1 Secrets to Managing Holiday Spikes and Lulls in Your Supply Chain

By Simone Kaplan

November 01, 2001 — CIO — EVERY YEAR AROUND LABOR DAY, JUST BORN maker of those gooey pink and yellow marshmallow chicks called Peeps, begins to get ready for its big Easter season. It turns to its sales forecasts, and it purchases mass quantities of sugar, food coloring and packaging to meet the anticipated demand. And every year it gets stuck with leftover Peeps and unused materials that cost it sacks of money.

Just Born manufactures 600 million Peeps a year, 80 percent of which are sold during the Easter season. The 78-year-old, almost $100 million Bethlehem, Pa.-based company also makes Peeps for Valentine’s Day, Christmas and Halloween, but Easter is make-or-break time.

Just Born depends heavily on monthly sales forecasts based on historical data, much of which is gathered from sales representatives who have to wrangle that information from independent candy brokers, whose interests do not always parallel Just Born’s. The data Just Born does manage to retrieve is therefore, to use Just Born Supply Chain Director Don Petraitis’s word, "problematic."

"[Our forecasts] always change as it gets closer to the season," Petraitis says. "Either we’re caught short and can’t respond to demand in time, or we don’t sell enough and are left with overstock."
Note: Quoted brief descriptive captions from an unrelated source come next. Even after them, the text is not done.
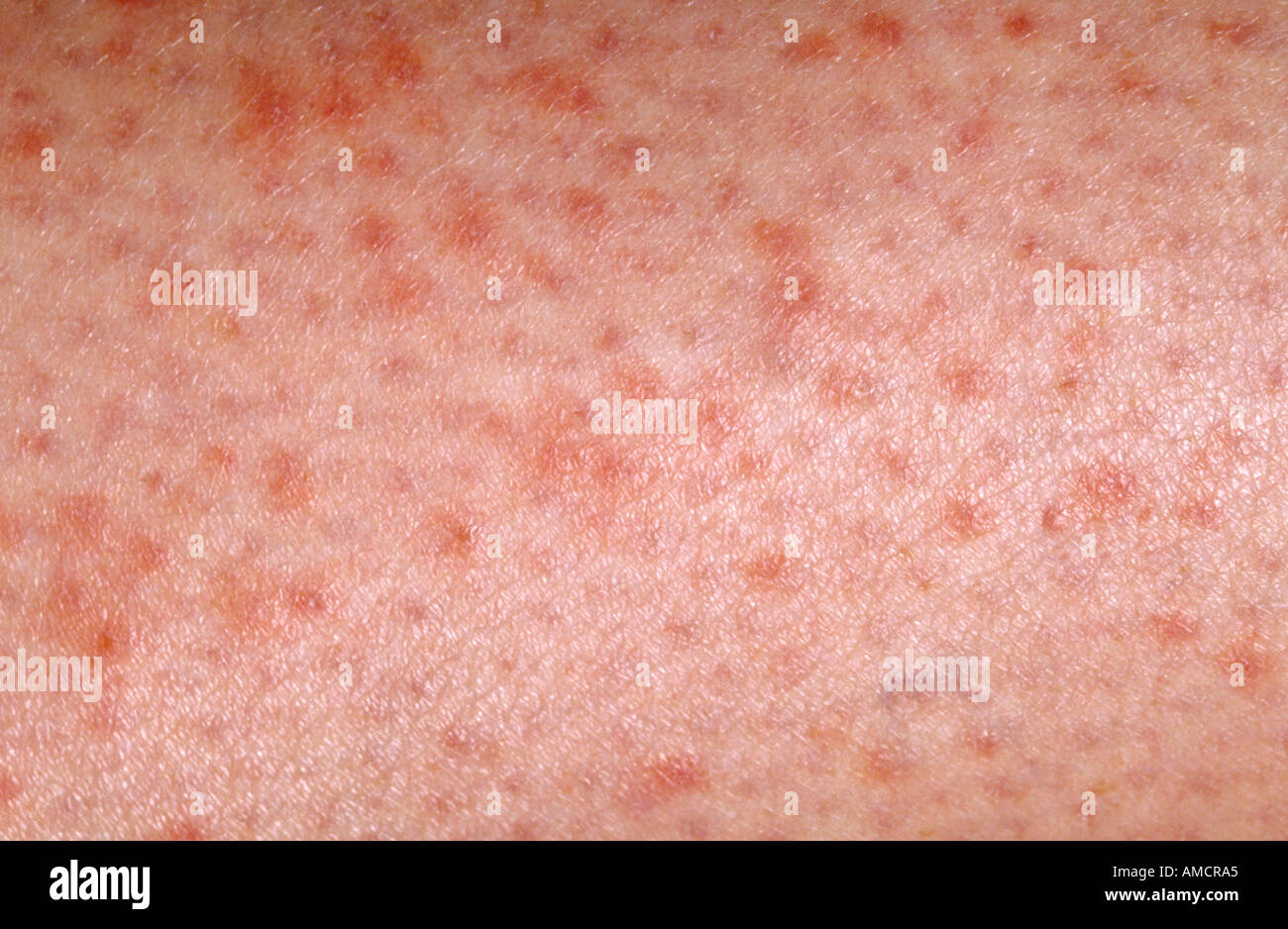 A photograph showing idiopathic thrombocytopenic purpura (ITP Stock Photo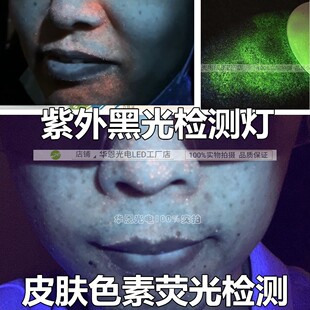紫外黑光检测灯 皮肤色素UV荧光 美容院脸毒素暗斑油脂黑头皮炎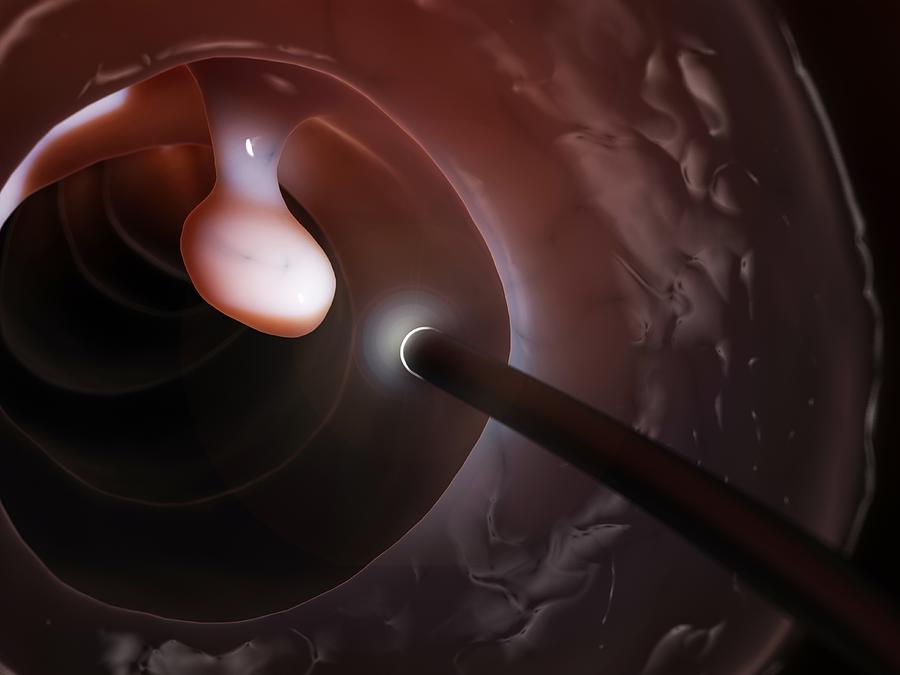 Polyp found during a colonoscopy, artwork Drawing by Sebastian Kaulitzki Polyp found during a colonoscopy, artwork Drawing by Sebastian Kaulitzki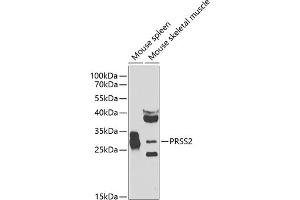 Western blot analysis of extracts of various cell lines, using PRSS2 antibody (ABIN6131363, ABIN6146279, ABIN6146280 and ABIN6223919) at 1:1000 dilution. (PRSS2 Antikörper  (AA 24-247))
Petraitis, a 10-year operations veteran with Just Born who admits he had "no formal training or experience" in dealing with the supply chain operations before he was put in charge last June, has already figured out that forecasting software isn’t the answer to the company’s problems. The IT department had tried using Excel spreadsheets, then a forecasting software package from Demand Solutions, but the more sophisticated application did not lead to just-in-time Peeps. It was the quality of the information that mattered, not the software. Now Just Born hopes to link with its suppliers through the Web...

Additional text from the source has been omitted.